Par cette évolution engagée depuis les débuts de la Révolution industrielle, l’économie est devenue un élément central de la décision politique. Il en va des conditions matérielles d’existence de l’être humain et conséquemment de la qualité de cette existence et de la vie sociale.
La situation économique est à la source de préoccupations immédiates, vu les faits observés mais qui ne sont que des reflets d’altérations profondes qui conduisent à des interrogations sur le futur. Pour parvenir à celles-ci, il convient de procéder à une gradation dans l’analyse des phénomènes pour toucher à la réalité du fonctionnement présent de l’économie.
La brusque hausse des taux sur le marché monétaire américain
Durant quatre jours consécutifs du 17 au 20 septembre 2019, la Réserve fédérale américaine (FED) est intervenue sur le marché des liquidités au jour le jour au moyen d’opérations de pension livrée (Repo). Ce type d’opération conclu entre deux établissements financiers consiste à associer en un même contrat la vente de titres par l’une des parties contre le versement des liquidités correspondantes par l’autre puis la rétrocession des titres acquis par cette dernière à un prix fixé à l’origine de l’opération. Celle-ci peut avoir une durée de vingt-quatre heures à quelques jours.
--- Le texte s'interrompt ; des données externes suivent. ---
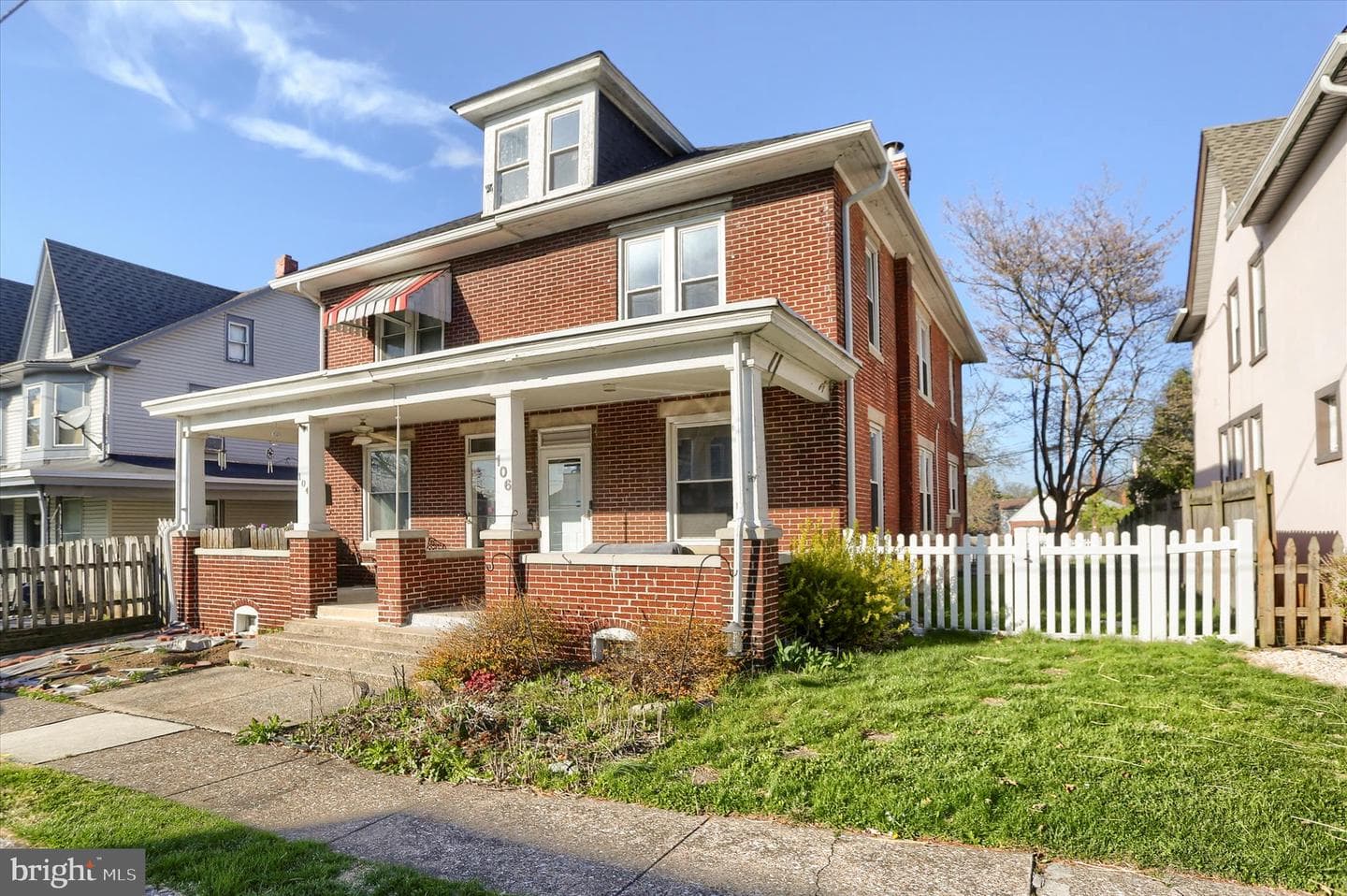 106 Shell Street photo 2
Le 16 septembre, les taux pratiqués pour ces opérations au jour le jour entre les établissements financiers américains ont atteint 10% (montant du taux d’intérêt rapporté à une période d’un an) alors que les taux directeurs de la FED évoluaient dans une fourchette de 2%-2,25% depuis qu’ils avaient été abaissé de 0,25% le 31 juillet 2019 avant une nouvelle baisse de 0,25% annoncée le 18 septembre portant la fourchette de 1,75% à 2%.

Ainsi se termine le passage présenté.